- **THE DATA**:
• • • • •

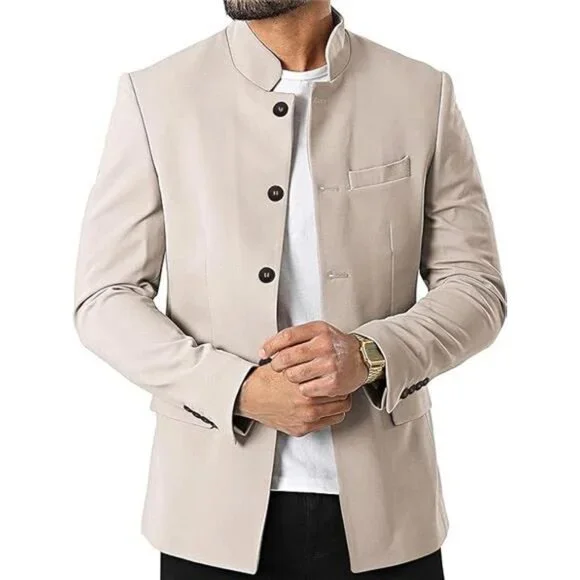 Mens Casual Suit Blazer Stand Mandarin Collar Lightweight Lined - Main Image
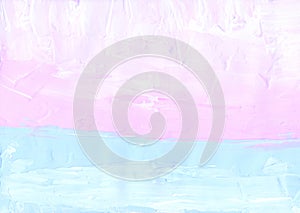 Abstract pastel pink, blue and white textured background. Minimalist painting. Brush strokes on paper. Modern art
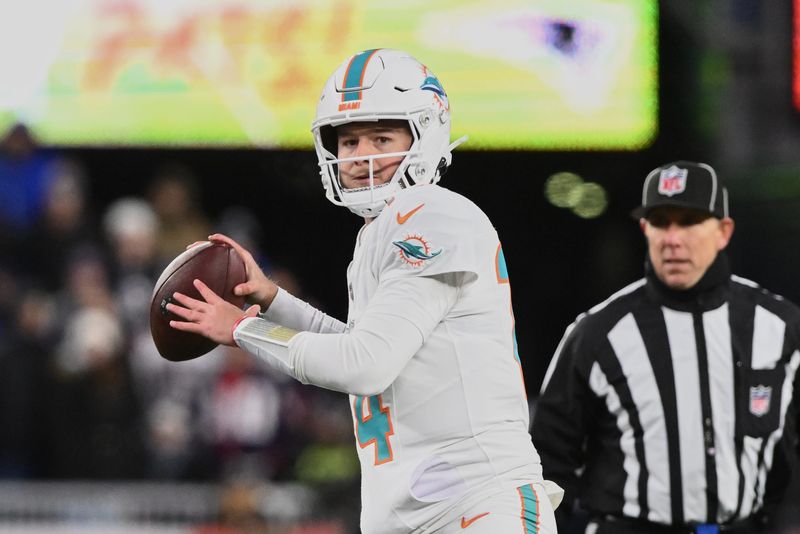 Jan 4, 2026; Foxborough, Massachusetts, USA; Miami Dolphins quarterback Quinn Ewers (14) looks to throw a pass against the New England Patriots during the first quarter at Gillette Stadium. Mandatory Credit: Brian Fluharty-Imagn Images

• • • • •

- **DIRECTIONS**:
Reprint the whole listing above exactly, taking out the pictures.

- **FINISHED TASK**:
 Mens Casual Suit Blazer Stand Mandarin Collar Lightweight Lined - Main Image
 Abstract pastel pink, blue and white textured background. Minimalist painting. Brush strokes on paper. Modern art
 Jan 4, 2026; Foxborough, Massachusetts, USA; Miami Dolphins quarterback Quinn Ewers (14) looks to throw a pass against the New England Patriots during the first quarter at Gillette Stadium. Mandatory Credit: Brian Fluharty-Imagn Images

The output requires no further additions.